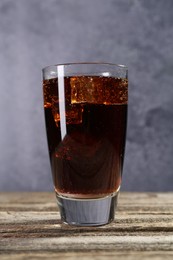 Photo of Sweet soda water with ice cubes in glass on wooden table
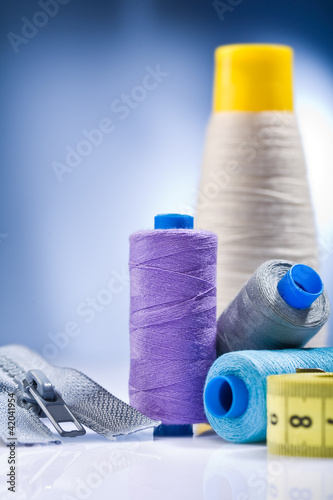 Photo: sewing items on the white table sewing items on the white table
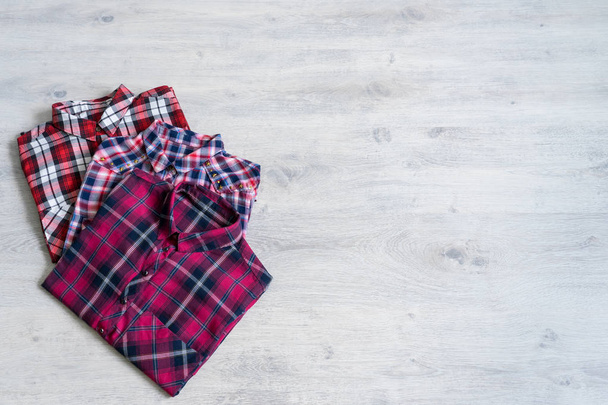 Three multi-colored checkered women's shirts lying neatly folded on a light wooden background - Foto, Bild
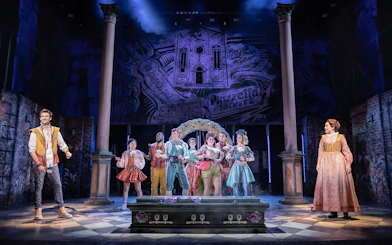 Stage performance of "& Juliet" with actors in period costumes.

Brief:
Please provide a faithful transcription of all the data, pictures excluded.

Written response:
 Photo of Sweet soda water with ice cubes in glass on wooden table
 Photo: sewing items on the white table sewing items on the white table
 Three multi-colored checkered women's shirts lying neatly folded on a light wooden background - Foto, Bild
 Stage performance of "& Juliet" with actors in period costumes.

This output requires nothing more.